Trinta e um médicos e médicas que atuaram diretamente no enfrentamento à pandemia da Covid-19, divulgaram uma carta aberta nesta sexta-feira, 28, repudiando e rebatendo as acusações do também médico Carlos Manato candidato ao Governo do Espírito Santo, que disse, durante debate na TV Gazeta, que a pandemia foi uma farsa e que os médicos teriam assinado documentos falsos atestando Covid, para que o Estado pudesse receber mais recursos, entre outras acusações inverídicas.
Até a data do debate, o Brasil havia registrado 688.013 mortes por Covid-19 desde o início da pandemia, e 34.857.648 casos confirmados. No mesmo dia, o Espírito Santo registrava 14.830 mortes pela doença e 1.217.080 casos conhecidos.
Em relação ao chamado “tratamento precoce”, em março de 2021, a Organização Mundial da Saúde (OMS) publicou uma diretriz na qual pede fortemente que a hidroxicloroquina não seja usada como tratamento preventivo da Covid-19.
Foi só em março do mesmo ano que a Anvisa anunciou o registro do primeiro medicamento para pacientes hospitalizados com Covid-19, o remdesivir. Especialistas seguem desaconselhando o uso de medicamentos do chamado “kit covid”.
Veja a íntegra do documento
CARTA ABERTA À POPULAÇÃO DO ESPÍRITO SANTO
Nós médicas e médicos abaixo assinados, que assistimos ao debate com os candidatos ao governo do estado, vimos manifestar nosso repúdio e indignação com as declarações do candidato Manato.
A maioria de nós esteve à frente ou lidou com casos na luta para salvar vidas durante a pandemia de Covid 19. Perdemos parentes, amigos e colegas para a doença, nesse enfrentamento.
Tivemos ao nosso lado o conhecimento médico que pusemos à disposição dos pacientes, sem nos aventurar ao uso de tratamentos sem comprovação científica.
A pandemia não foi uma farsa, como dito pelo senhor Manato, em desrespeito às famílias em luto e aos que ainda guardam sequelas da doença.
Fomos acusados, durante o debate de ontem (quinta-feira, 27), na TV Gazeta, de forma leviana, pelo senhor Manato de termos falsificado atestados de óbito para aumentar de forma artificial o número de mortes pela Covid 19.
Nós, médicos, não falsificamos documentos.
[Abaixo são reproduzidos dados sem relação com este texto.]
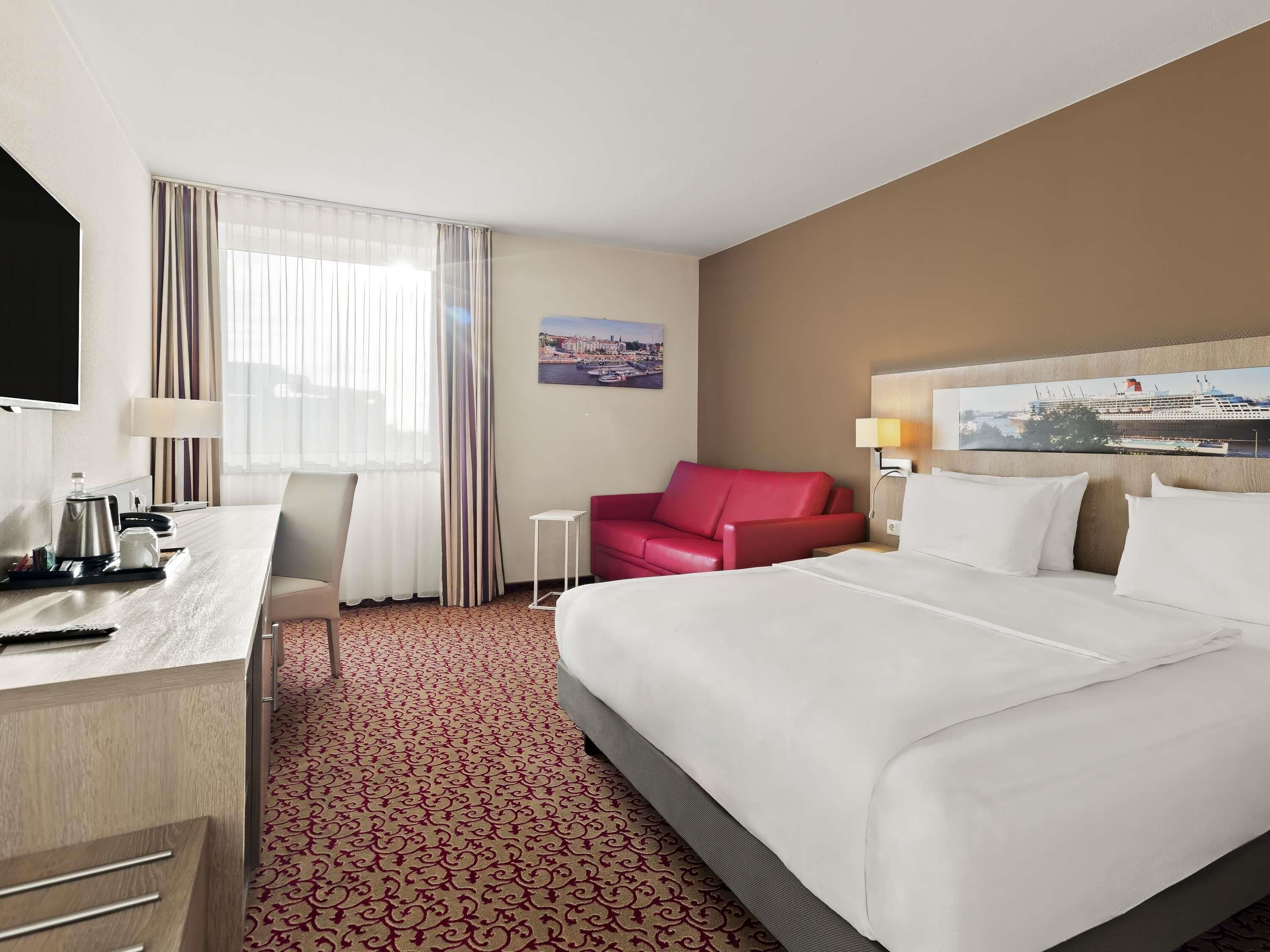 Soundproofing, free WiFi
Juramos salvar vidas e aliviar a dor e o sofrimento. Nosso pacto é com a vida. A informação médica segura e correta sobre eventos clínicos ou sobre desfechos fatais é absolutamente necessária para as eventuais providências no campo da saúde pública. Essas informações podem e salvam muitas vidas.
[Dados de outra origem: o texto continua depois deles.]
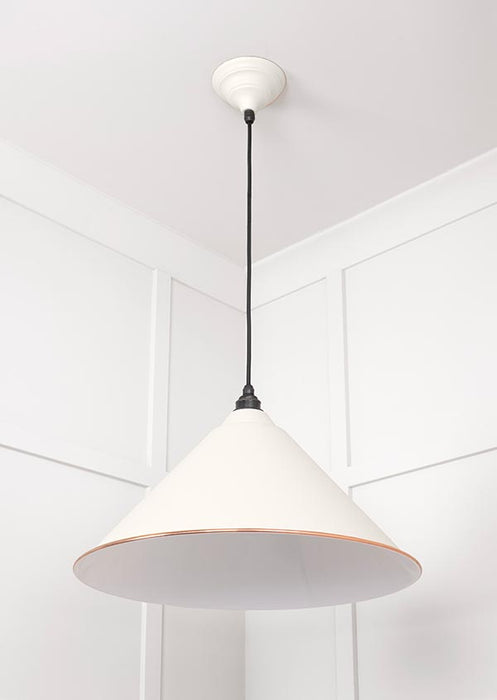 White Gloss Hockley Pendant in Teasel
Atingidos em nossa dignidade, iremos ingressar na justiça para que o candidato prove as acusações que fez sobre a classe médica.
Assinamos:
Henriqueta Tereza do Sacramento- CRMES 2789
Jose Aid Soares Sad – CRM 3503
Paulo Loureiro – CRM 6773
Raquel Cecilia Guerra de Azevedo CRMES 5285
Claudio Manoel Soares Nunes CRMES 17036
Juliana Starling Lage CRM 4665
Antônio Lima NettoCRMES 2888
Virginia Maria Muniz CRMES 3872
Racire Sampaio Silva CRM 4506
Victor de Oliveira Bolonha CRM/ES 15.775
Inês Calmon Alves Girelli CRM 2082
Ruy Perini. CRM ES 1.41
Erivelto Pires Martins CRM 3019
Ayrton Machado Santos CRM 15.947
Elzalina Ramos Barbosa CRM 2472
Ariane Ribeiro Pinheiro CRM ES 16781
Rita de Cássia Cunha Rocha CRM 1687 ES
Joana de figueiredo bortolini CRM 8567
Elizabeth Helena Mitleg Kulnig CRM 2680
Tânia Regina Anchite Martins CRMES2675
Luiz Carlos Bezerra – 2897
Maiza Uliana CRM 4203/ES
(Da Redação)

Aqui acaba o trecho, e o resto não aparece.